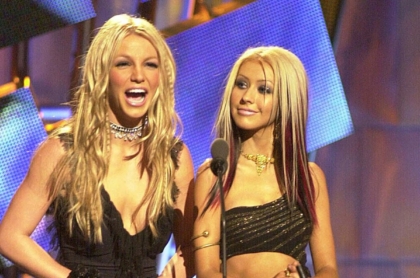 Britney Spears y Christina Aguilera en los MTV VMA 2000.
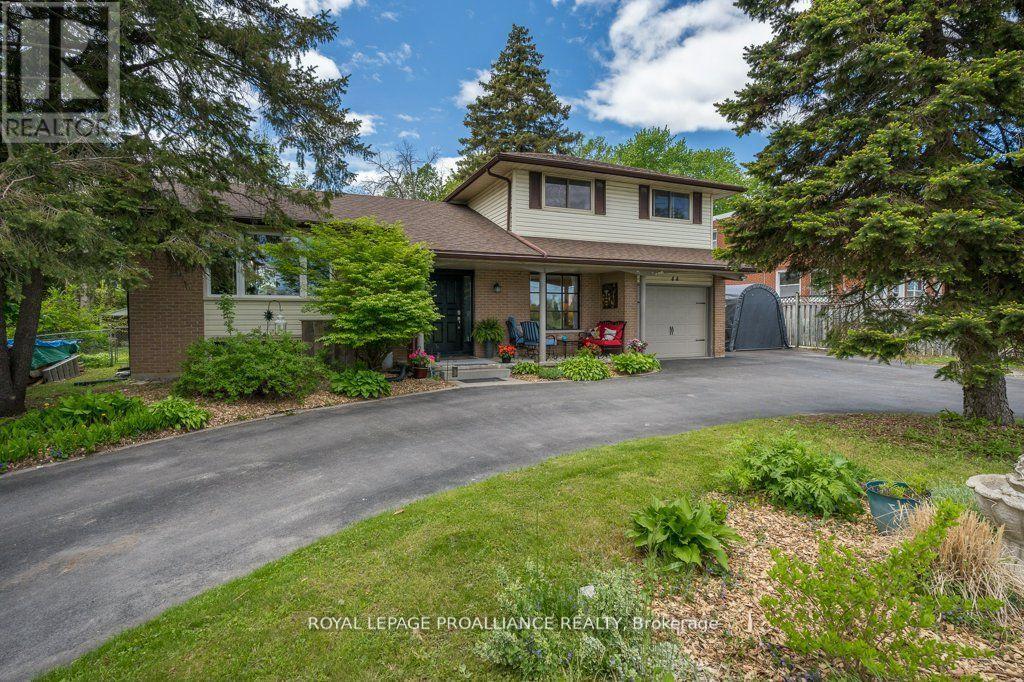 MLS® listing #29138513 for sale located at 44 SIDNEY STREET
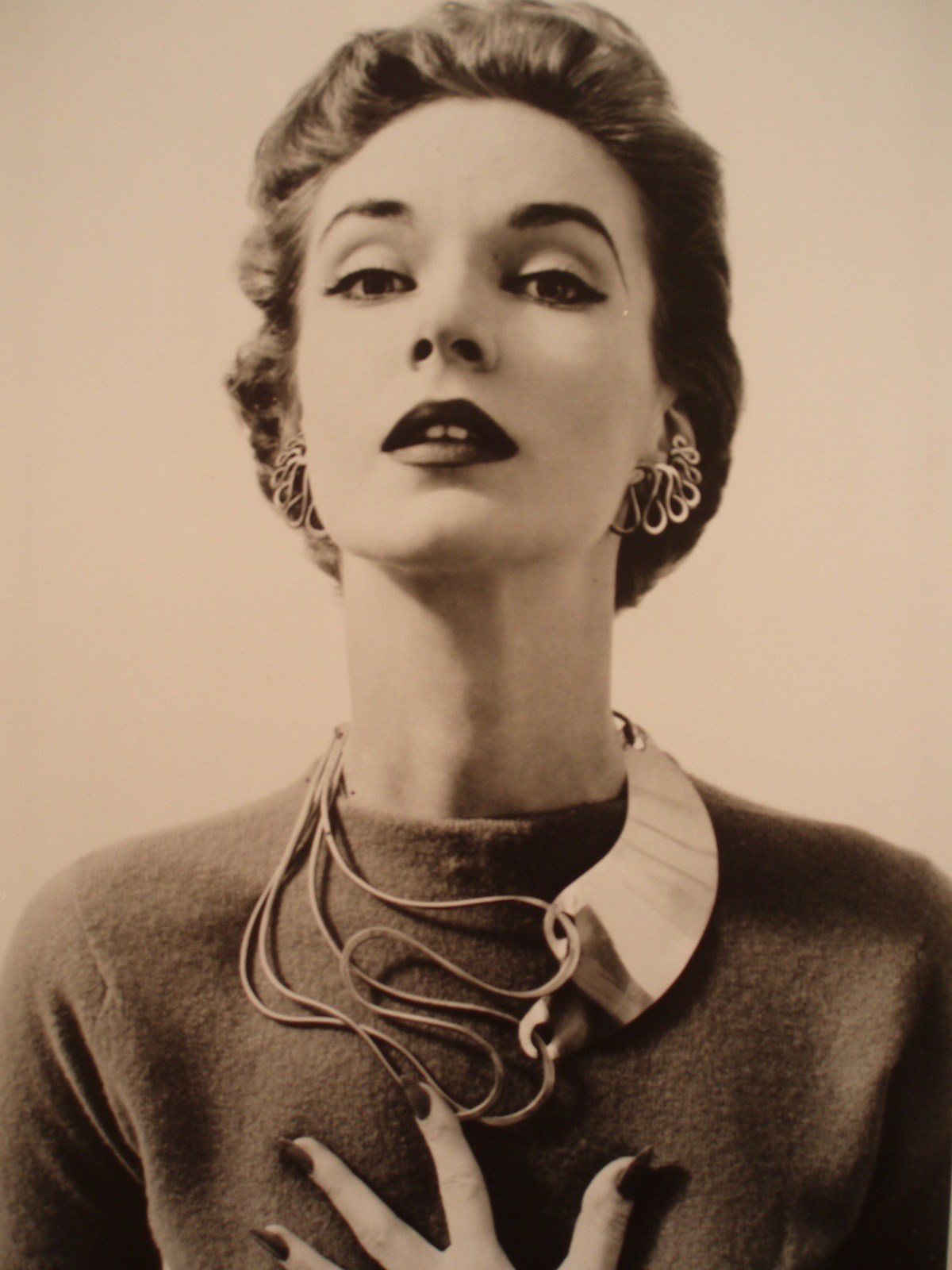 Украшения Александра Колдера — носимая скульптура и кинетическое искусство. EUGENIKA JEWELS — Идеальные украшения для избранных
+++
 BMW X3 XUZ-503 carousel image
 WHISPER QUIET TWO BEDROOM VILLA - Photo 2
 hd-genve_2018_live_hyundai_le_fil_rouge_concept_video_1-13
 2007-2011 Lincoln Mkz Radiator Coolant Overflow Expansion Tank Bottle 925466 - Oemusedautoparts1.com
+++
**Exercise prompt**
Each line above from the one containing "Britney Spears y" through the one containing "Украшения Александра Колдера" is to be returned verbatim. Nothing else, and no pictures.

**Answer to this problem**
 Britney Spears y Christina Aguilera en los MTV VMA 2000.
 MLS® listing #29138513 for sale located at 44 SIDNEY STREET
 Украшения Александра Колдера — носимая скульптура и кинетическое искусство. EUGENIKA JEWELS — Идеальные украшения для избранных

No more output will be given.